Alors que les discours politiques rythment la vie publique en République Démocratique du Congo, leur compréhension véritable échappe bien souvent aux citoyens, aux communicants et aux journalistes.
Pour répondre à cette problématique, c’est dans le cadre de la 4ᵉ édition de la Conférence Women UP, organisée par Le Zénith Magazine dans la salle de conférence de l’Institut National des Arts, que le Professeur Léon Martin Mbembo, éminent universitaire et spécialiste en communication politique, a livré une analyse aiguisée et sans complaisance sur les mécanismes du langage politique congolais.
C’est lors du deuxième panel, intitulé « La communication politique face aux enjeux de l’heure », que le Professeur Mbembo est intervenu, dans un échange riche modéré par Christelle Mpongo, Éditrice Générale du magazine Femme d’Afrique que son intervention, à la fois pédagogique et engagée, a proposé des clés de lecture essentielles pour décrypter les discours politiques dans un environnement marqué par la complexité, la conflictualité et l’imprévisibilité.
L’univers politique congolais : un théâtre d’ombres et de symboles

Pour le Professeur Mbembo, il est impossible de comprendre les discours politiques sans d’abord saisir les caractéristiques intrinsèques de l’univers politique congolais. Celui-ci se distingue par sa complexité, son caractère aléatoire, ses alliances circonstancielles, mais aussi par sa dimension festive, mystique et souvent conflictuelle.
« Le politique en RDC fonctionne sur un mode combinatoire. Les acteurs se déplacent, se recombinent, se retournent, changent de cap et de discours au gré des circonstances », souligna-t-il.
Entre la théâtralisation permanente et les stratégies d’influence, le paysage politique se déploie comme une scène où se joue une pièce aux rebondissements incessants.
Derrière chaque discours, chaque déclaration publique, se cachent des calculs, des enjeux, et des symboles qu’il faut savoir interpréter.
Clés de lecture : au-delà des mots, l’intention

Dans cet environnement brouillé, le Professeur Mbembo a insisté sur la nécessité d’une lecture critique des discours politiques. Il a invité les professionnels des médias, les étudiants en communication et le grand public à s’armer de clés d’analyse lucide.
Un discours politique, expliqua-t-il, ne se résume jamais à son contenu apparent. Il est porteur d’une intention : mobiliser, séduire, diviser, détourner l’attention ou encore préparer le terrain à une action politique.

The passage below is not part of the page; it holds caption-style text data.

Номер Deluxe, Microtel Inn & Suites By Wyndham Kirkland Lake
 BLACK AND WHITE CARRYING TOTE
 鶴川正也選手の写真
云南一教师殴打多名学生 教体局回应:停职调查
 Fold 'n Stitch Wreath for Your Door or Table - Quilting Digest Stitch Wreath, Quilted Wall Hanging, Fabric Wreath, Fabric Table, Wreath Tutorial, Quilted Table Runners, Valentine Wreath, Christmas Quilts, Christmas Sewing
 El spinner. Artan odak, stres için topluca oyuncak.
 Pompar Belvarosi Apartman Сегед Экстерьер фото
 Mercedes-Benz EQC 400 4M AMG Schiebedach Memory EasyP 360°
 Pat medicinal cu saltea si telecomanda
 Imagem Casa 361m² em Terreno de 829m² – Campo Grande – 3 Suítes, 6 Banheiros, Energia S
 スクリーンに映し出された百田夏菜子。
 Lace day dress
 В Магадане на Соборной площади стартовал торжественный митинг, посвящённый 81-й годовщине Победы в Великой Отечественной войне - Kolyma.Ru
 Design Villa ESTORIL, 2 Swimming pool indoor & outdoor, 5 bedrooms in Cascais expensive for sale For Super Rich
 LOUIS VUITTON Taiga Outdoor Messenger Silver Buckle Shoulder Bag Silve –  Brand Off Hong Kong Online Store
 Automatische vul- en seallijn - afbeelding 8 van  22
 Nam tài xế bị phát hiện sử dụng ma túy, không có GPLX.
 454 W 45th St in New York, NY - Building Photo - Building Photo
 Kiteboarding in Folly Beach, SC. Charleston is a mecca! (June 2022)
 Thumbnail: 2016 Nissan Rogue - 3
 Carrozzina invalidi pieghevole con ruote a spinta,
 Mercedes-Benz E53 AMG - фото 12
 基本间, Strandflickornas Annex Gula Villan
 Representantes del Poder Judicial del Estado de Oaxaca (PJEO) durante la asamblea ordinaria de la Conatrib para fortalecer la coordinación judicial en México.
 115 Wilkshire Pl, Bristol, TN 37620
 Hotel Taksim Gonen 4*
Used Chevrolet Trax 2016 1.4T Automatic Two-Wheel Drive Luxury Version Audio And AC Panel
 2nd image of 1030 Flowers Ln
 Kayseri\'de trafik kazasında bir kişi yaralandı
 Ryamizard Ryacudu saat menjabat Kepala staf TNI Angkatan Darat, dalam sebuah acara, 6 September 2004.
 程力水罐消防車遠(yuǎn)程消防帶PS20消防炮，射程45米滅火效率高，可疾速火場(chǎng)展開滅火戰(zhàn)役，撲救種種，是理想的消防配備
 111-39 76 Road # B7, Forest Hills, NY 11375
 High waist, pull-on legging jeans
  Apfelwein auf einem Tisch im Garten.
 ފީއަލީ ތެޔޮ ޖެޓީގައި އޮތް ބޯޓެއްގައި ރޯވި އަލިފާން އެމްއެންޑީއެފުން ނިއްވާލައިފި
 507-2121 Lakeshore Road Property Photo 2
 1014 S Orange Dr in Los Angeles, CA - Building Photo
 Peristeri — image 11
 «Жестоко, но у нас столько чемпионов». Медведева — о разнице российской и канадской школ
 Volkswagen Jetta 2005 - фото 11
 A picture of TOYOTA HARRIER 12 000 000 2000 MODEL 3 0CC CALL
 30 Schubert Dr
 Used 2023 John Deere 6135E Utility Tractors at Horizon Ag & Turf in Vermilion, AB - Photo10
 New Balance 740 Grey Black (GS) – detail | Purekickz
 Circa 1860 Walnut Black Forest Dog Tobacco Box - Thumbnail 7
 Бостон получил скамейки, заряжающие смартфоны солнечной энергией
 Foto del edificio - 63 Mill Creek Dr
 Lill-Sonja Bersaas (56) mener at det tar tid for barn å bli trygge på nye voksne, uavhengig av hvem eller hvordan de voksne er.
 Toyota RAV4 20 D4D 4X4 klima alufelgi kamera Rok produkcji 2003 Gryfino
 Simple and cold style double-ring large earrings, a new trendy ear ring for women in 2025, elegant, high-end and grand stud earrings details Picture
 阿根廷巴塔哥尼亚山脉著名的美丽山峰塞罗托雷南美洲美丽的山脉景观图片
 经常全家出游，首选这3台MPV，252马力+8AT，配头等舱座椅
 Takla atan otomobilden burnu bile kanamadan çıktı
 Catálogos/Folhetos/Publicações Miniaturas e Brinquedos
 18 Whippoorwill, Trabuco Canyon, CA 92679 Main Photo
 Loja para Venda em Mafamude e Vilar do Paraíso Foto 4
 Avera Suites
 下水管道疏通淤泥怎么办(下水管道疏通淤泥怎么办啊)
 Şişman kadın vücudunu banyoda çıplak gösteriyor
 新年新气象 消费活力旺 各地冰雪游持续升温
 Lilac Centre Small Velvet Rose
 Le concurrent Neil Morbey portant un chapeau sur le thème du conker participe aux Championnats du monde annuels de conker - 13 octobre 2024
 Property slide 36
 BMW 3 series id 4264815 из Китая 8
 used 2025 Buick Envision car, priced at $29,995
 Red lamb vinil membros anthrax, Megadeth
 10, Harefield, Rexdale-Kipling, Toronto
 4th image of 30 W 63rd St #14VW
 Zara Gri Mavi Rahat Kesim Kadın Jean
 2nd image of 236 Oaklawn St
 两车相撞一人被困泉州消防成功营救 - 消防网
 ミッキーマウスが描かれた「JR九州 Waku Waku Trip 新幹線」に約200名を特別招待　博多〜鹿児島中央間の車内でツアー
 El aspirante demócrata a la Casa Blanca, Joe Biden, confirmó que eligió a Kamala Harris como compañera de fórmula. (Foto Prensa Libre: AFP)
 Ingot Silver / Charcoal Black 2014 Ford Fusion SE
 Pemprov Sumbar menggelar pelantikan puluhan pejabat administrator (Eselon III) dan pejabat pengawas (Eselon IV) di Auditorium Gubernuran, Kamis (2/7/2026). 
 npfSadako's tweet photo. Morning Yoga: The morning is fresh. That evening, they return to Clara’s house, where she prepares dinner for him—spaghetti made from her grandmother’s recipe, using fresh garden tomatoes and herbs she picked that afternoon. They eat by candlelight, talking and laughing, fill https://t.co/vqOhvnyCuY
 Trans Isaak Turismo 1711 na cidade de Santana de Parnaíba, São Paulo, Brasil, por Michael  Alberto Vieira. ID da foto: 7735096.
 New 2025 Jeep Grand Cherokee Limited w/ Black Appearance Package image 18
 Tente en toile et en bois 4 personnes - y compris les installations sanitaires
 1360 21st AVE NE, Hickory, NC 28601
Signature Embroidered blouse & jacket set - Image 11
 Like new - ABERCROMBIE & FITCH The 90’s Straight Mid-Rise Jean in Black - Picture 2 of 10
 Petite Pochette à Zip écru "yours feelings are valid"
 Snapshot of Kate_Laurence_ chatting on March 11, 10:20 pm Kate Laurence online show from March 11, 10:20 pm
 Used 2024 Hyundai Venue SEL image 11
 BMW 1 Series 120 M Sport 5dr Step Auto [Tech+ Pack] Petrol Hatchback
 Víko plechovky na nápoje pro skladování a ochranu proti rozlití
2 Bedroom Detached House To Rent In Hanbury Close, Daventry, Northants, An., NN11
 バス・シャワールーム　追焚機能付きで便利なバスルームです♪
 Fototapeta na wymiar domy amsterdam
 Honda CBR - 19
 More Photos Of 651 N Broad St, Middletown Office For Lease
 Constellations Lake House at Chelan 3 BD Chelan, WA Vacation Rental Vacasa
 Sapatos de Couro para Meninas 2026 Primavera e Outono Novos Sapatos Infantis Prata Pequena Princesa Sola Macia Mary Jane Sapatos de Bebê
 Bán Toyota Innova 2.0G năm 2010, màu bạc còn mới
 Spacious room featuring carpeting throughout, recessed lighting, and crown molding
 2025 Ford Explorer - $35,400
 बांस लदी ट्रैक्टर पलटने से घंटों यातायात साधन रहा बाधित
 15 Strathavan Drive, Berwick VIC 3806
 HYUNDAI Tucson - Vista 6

D’où l’importance de toujours questionner le contexte, l’audience visée, le moment choisi, et surtout les non-dits.
Les biais de langage : pièges rhétoriques du discours politique

L’une des contributions majeures du Professeur Léon Martin Mbembo a été l’identification des biais de langage qui minent la communication politique en RDC.
Ces biais, souvent invisibles pour l’auditoire, ont pourtant un impact déterminant sur la perception des messages et la polarisation de l’opinion.
Il a d’abord évoqué le biais de polarisation, qui consiste à dresser systématiquement une frontière entre « nous » et « eux », favorisant ainsi les divisions sociales ou politiques.
Il a ensuite mis en lumière le biais d’exagération, caractérisé par une dramatisation excessive des faits afin de susciter l’émotion ou la peur.
Le biais de désinformation, quant à lui, repose sur la diffusion intentionnelle de fausses informations, tandis que le biais de simplification réduit une réalité complexe à des affirmations binaires ou caricaturales.
Le professeur a aussi cité le biais de légitimation, utilisé pour imposer sa vérité en se réfugiant derrière un mandat politique.
Il a encore mentionné le biais de stigmatisation, qui consiste à désigner un groupe ou une catégorie comme responsable des maux de la société, et enfin, le biais de jargon, qui repose sur un langage trop technique ou élitiste destiné à exclure ou impressionner.
Ces formes de manipulation, qu’il a qualifié de pollution discursive, brouillent le débat démocratique et appauvrissent la conscience citoyenne.
Communiquer pour la paix : trois exigences fondamentales

Dans une approche résolument constructive, le Professeur Léon Martin Mbembo a proposé une vision d’avenir pour la communication politique en RDC. Pour lui, celle-ci doit devenir un outil de construction de la paix, et non d’alimentation des conflits.
Il a ainsi recommandé de bannir les biais de langage au profit d’une parole ancrée dans les faits, de privilégier le dialogue ouvert en évitant les discours revanchards ou agressifs, et de promouvoir une communication inclusive qui tienne compte de toutes les voix, de toutes les réalités et de toutes les appartenances.
À ce titre, il a cité l’exemple sud-africain de l’après-apartheid comme modèle d’inclusion politique et linguistique. Une société qui aspire à la paix doit pouvoir se regarder dans toutes ses composantes.
Eduquer à la lucidité citoyenne

Dans une époque marquée par les tensions politiques et les manipulations informationnelles, il devient urgent de former une génération capable de lire entre les lignes, de résister aux effets de manche et de redonner du sens à la parole politique.
Pour les journalistes, communicants, étudiants et tous les observateurs du champ politique, cette lecture critique est non seulement un exercice intellectuel, mais une nécessité démocratique.